In [None]:
!pip install guardrails-ai peft transformers jinja2 pytest flash_attn

In [35]:
from typing import Dict, Optional

import torch
from guardrails.validator_base import (
    FailResult,
    PassResult,
    ValidationResult,
    Validator,
    register_validator,
)
from jinja2 import Template
from peft import PeftConfig, PeftModel
from transformers import (
    AutoModelForCausalLM,
    AutoTokenizer,
    BitsAndBytesConfig,
    pipeline,
)

HALLUCINATION_EVAL_BASE = """
       {% set knowledge_line = "" if reference == "" else "[Knowledge]: " + reference + "\n        " %}
        Your job is to evaluate whether a machine learning model has hallucinated or not.
        A hallucination occurs when the response is coherent but factually incorrect or nonsensical
        outputs that are not grounded in the provided context.
        You are given the following information:
        ####INFO####
        {{ knowledge_line }}[User Input]: {{ query }}
        [Model Response]: {{ response }}
        ####END INFO####
        Based on the information provided is the model output a hallucination?
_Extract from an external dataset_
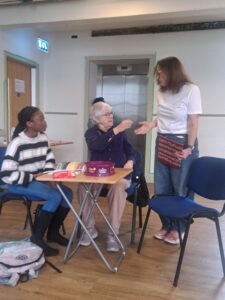 An older actor sitting at a table gives something to one standing next to her, while a young actor looks on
Respond with only "yes" or "no"
"""


@register_validator(name="guardrails/grounded-ai-hallucination", data_type="string")
class GroundedaiHallucination(Validator):
    """Validates whether a given response is a hallucination based on the provided query, response
    and optional reference.

    This validator uses a fine-tuned language model by GroundedAI to determine if the response
    is grounded in the given context or if it's a hallucination.

    **Key Properties**

    | Property                      | Description                           |
    | ----------------------------- | ------------------------------------- |
    | Name for `format` attribute   | `guardrails/grounded-ai-hallucination`|
    | Supported data types          | `string`                              |
    | Programmatic fix              | `None`                                |

    Args:
        quant (bool): Whether to use quantization for the model.
        base_prompt (Optional[str]): The base prompt template for hallucination evaluation.
            Defaults to HALLUCINATION_EVAL_BASE.
    """
  # noqa

    BASE_MODEL_ID = "microsoft/Phi-3-mini-4k-instruct"
    GROUNDEDAI_EVAL_ID = "grounded-ai/phi3.5-hallucination-judge"

    def __init__(
        self,
        quant: bool,
        base_prompt: Optional[str] = HALLUCINATION_EVAL_BASE,
    ):
        super().__init__()
        self._quantize = quant
        self._base_prompt = base_prompt
        self._base_model = None
        self._tokenizer = None
        self._merged_model = None

        self.warmup()

    def load_model(self):
        """Loads the base model with or without quantization."""
        compute_dtype = (
            torch.bfloat16 if torch.cuda.is_bf16_supported() else torch.float16
        )
        attn_implementation = (
            "flash_attention_2" if torch.cuda.is_bf16_supported() else "sdpa"
        )

        tokenizer = AutoTokenizer.from_pretrained(self.BASE_MODEL_ID)
        model_kwargs = {
            "attn_implementation": attn_implementation,
            "torch_dtype": compute_dtype,
        }
        if self._quantize:
            model_kwargs["quantization_config"] = BitsAndBytesConfig(load_in_8bit=True)
        base_model = AutoModelForCausalLM.from_pretrained(
            self.BASE_MODEL_ID, **model_kwargs
        )

        self._base_model = base_model
        self._tokenizer = tokenizer

    def merge_adapter(self, groundedai_eval_id: str):
        """Merges the PEFT adapter into the base model."""
        # TODO Error handling for adapter merging could be added here
        config = PeftConfig.from_pretrained(groundedai_eval_id)
        model_peft = PeftModel.from_pretrained(
            self._base_model, groundedai_eval_id, config=config
        )
        self._merged_model = model_peft.merge_and_unload()
        if not self._quantize:
            self._merged_model.to("cuda")

    def warmup(self):
        """Warmup the model by loading it and merging the adapter"""
        self.load_model()
        self.merge_adapter(self.GROUNDEDAI_EVAL_ID)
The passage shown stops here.